> rb wrote : >> Kaba : >>> rb : >>>> >>>> http://img180.imageshack.us/img180/8286/20080218181526nq7.gif >>>> > > Seems the drawing is distorted (y scale factor != x scale factor) > >>>> The angle to find is ECD. >>>> The matter is solving it without trigonometric functions. >>> >>> Interesting problem, couldn't solve it either. I get 4 unknowns but >>> only 3 linearly independent equations. >> >> I'm not sure if an equation system is needed. > > you may consider 180° = x + y + 20° as an equation ;-) > >> I guess drawing a few parallels and looking for properties like >> angle bisector theorem, Thales' theorem, etc... should do the trick >> by showing two similar triangles. > > Or maybe isosceles triangles, or even equilateral ones... > > Knowing the answer (ECD=20°) shows ABC is isosceles (AB=BC). > But how to proove it directly ??? > We already have another isosceles triangle if we extend line ED and > BC to their intersect point F : FEB is isosceles (angles FEB = FBE) > How to use this FEB triangle to get other properties ?

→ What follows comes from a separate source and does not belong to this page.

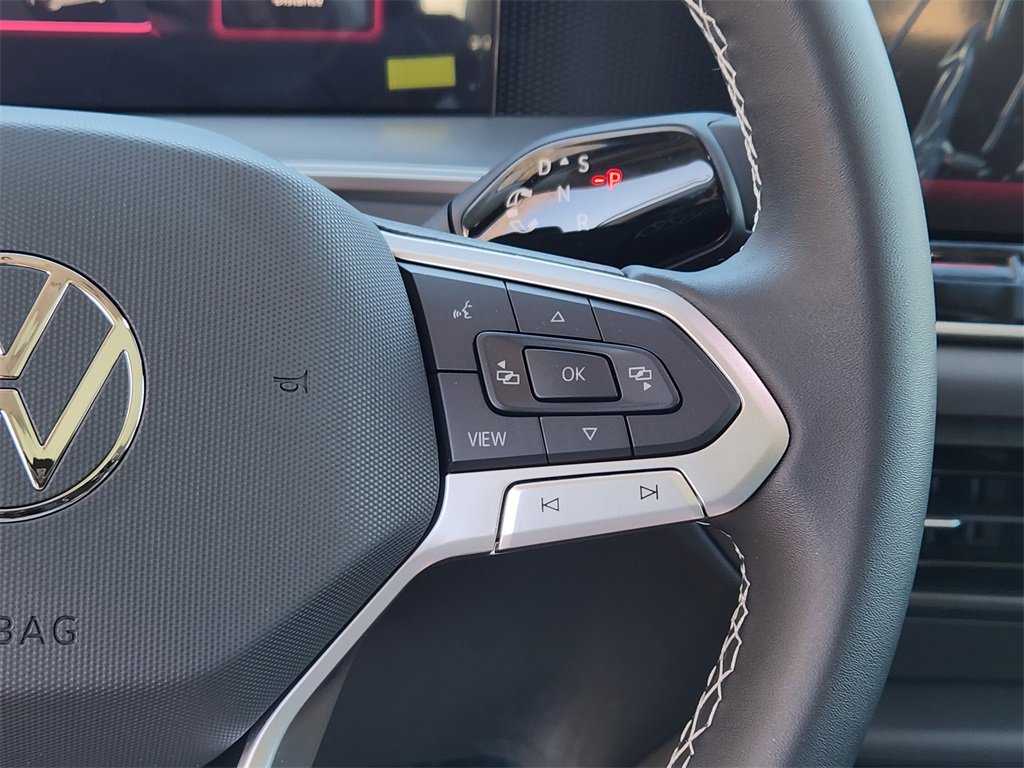 New 2025 Volkswagen Tiguan SE image 10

Yes, I was working mainly on this triangle and on a parallel to BC passing through D. This gives two 20° angles and also shows the bisector theorem in the triangle EBD but I don't know if it's necessary...
> The problem here is we have no hint for which point/line would give > a specific (hence right, isosceles, equilateral) triangle which > would give the searched angles. > > This is similar to another problem, being discussed two weeks ago > on a french newsgroup. > I've put it on my Web site, as well as this (unsolved) one. > > <http://chephip.free.fr/pbm_en/pb226.html> > > The hint there was to add a point at a specific 20° angle, which > results then into isosceles triangles.
Nice one! It's really very similar. I wonder if mine is a particular case too.
> Without the hint, we need hard trigonometric calculations. > (not very hard but still harder than "angles sum up to 180° in a > triangle") > These trig equations is the ones that lack to Kaba to solve his system. > > Unfortunately, I didn't either find a suitable point for this new > problem. (the 20° trick works only in the other problem's angle values) > > Regards.